Segment Start: SOURCE RECORDS

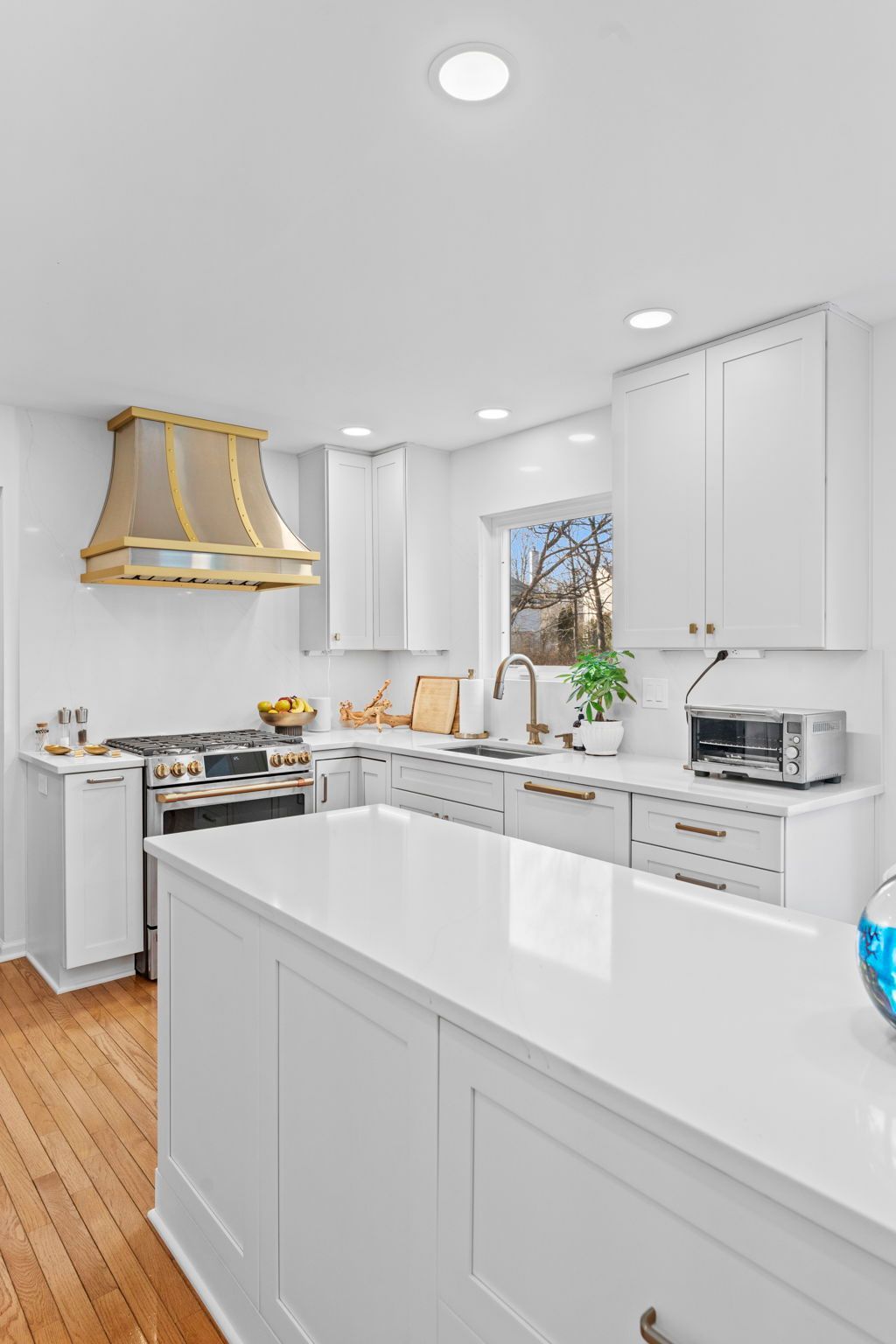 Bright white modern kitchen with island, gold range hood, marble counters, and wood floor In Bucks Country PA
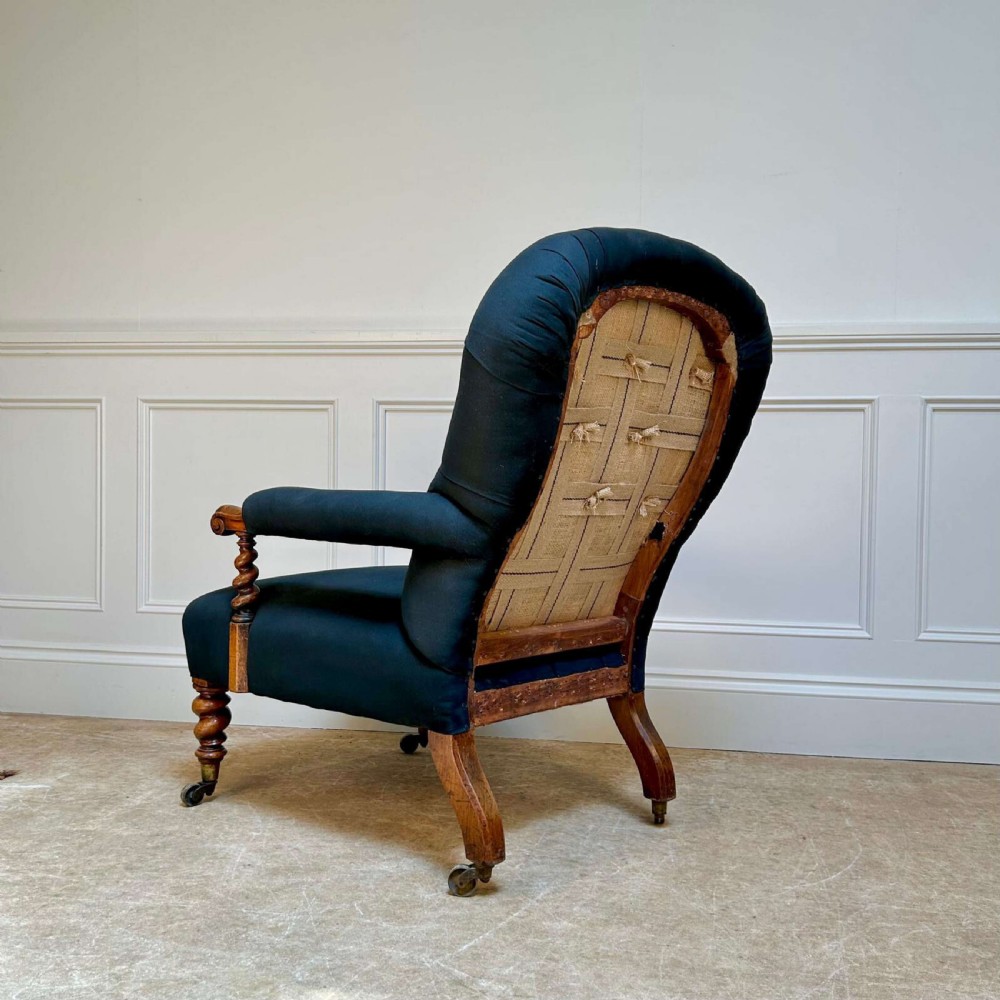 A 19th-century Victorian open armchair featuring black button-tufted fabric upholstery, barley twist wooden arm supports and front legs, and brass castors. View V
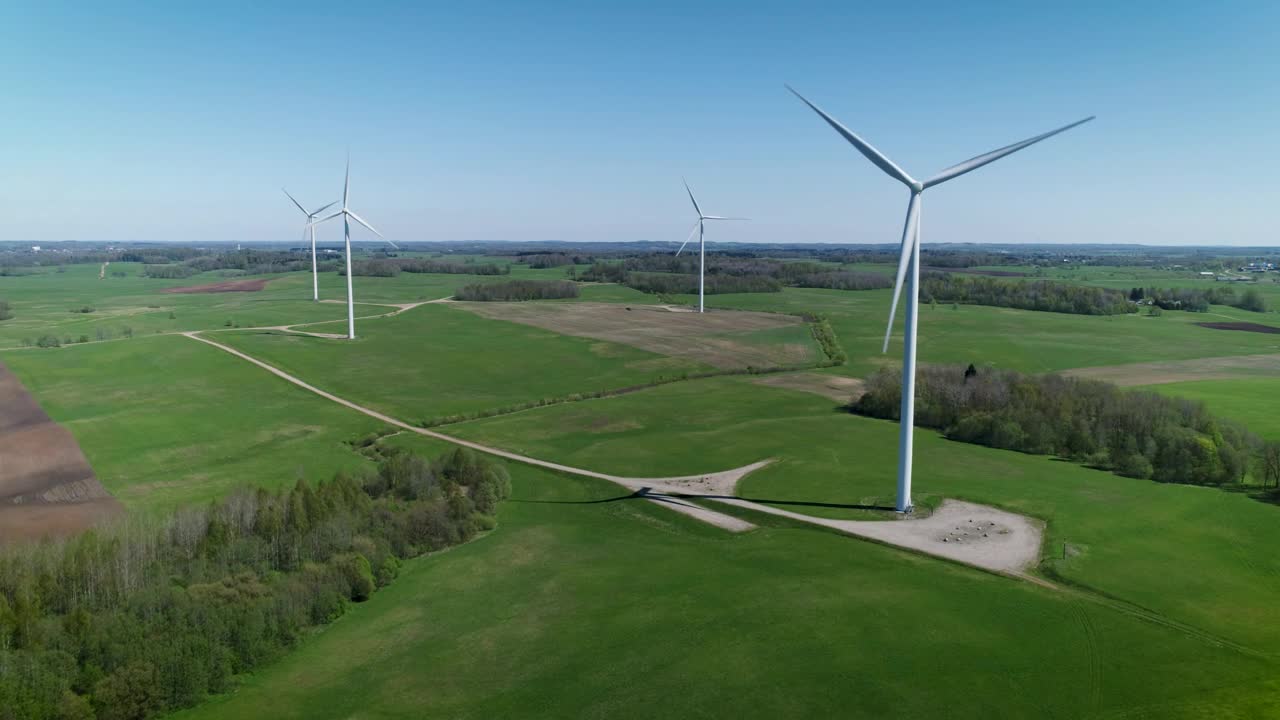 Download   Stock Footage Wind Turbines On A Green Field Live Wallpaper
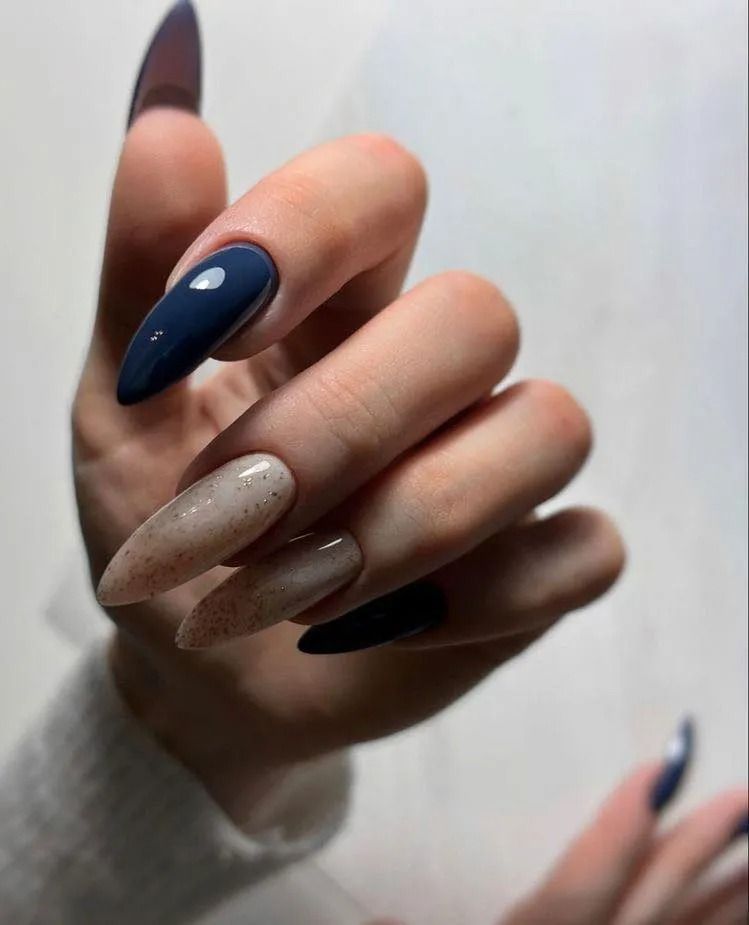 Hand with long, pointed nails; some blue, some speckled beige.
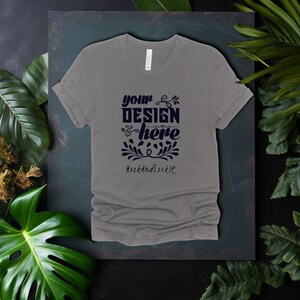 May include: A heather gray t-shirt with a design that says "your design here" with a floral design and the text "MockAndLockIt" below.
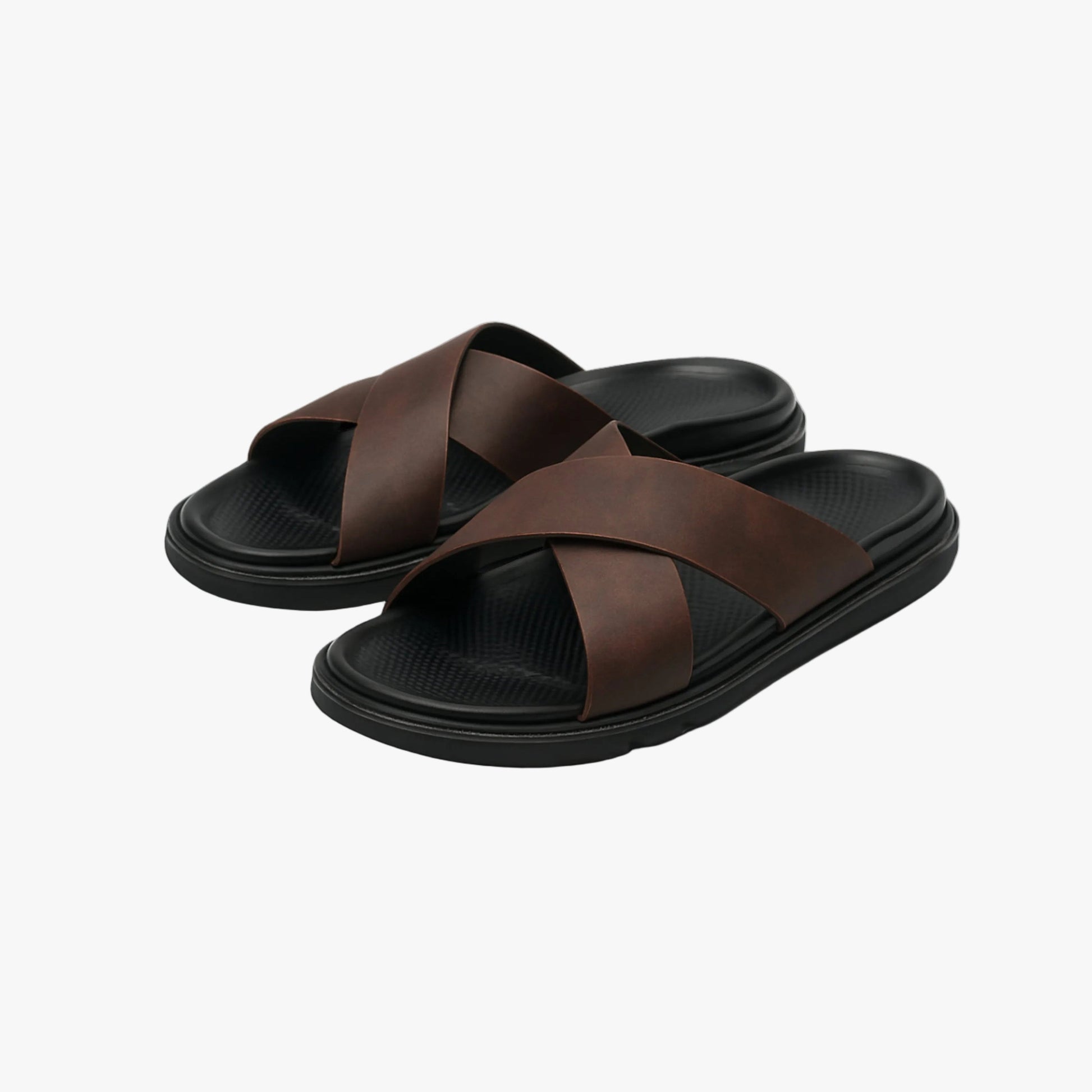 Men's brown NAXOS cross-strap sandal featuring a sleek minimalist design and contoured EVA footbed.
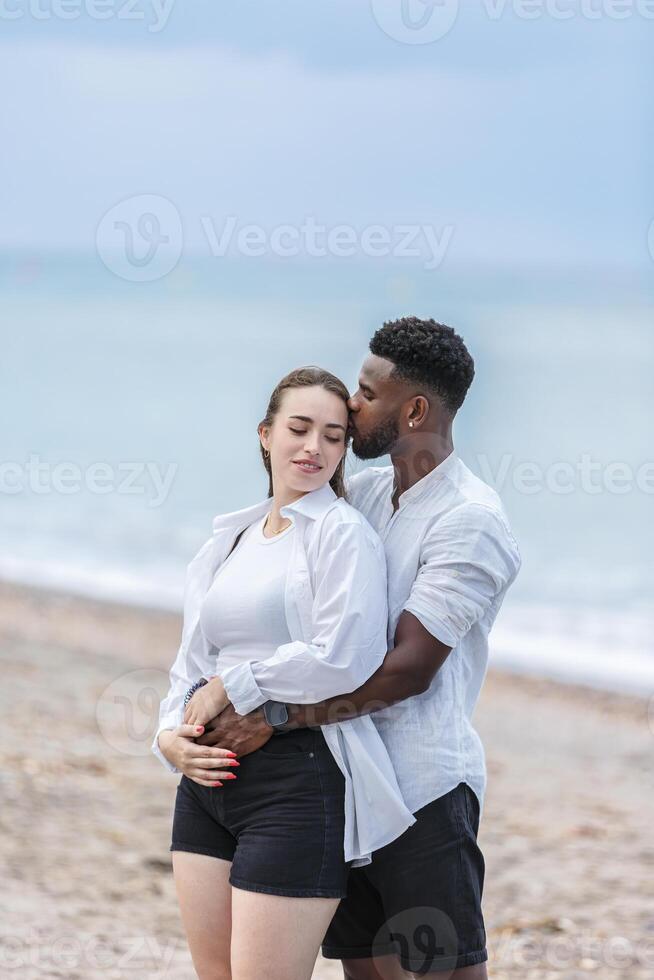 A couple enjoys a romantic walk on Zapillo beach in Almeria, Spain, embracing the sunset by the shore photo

Segment End: SOURCE RECORDS

## WHAT YOU SHOULD DO
Retype, word for word, only the lines from the line with "Men's brown NAXOS" to the final line of the listing above; the pictures do not belong in the copy.

## FINISHED TASK
 Men's brown NAXOS cross-strap sandal featuring a sleek minimalist design and contoured EVA footbed.
 A couple enjoys a romantic walk on Zapillo beach in Almeria, Spain, embracing the sunset by the shore photo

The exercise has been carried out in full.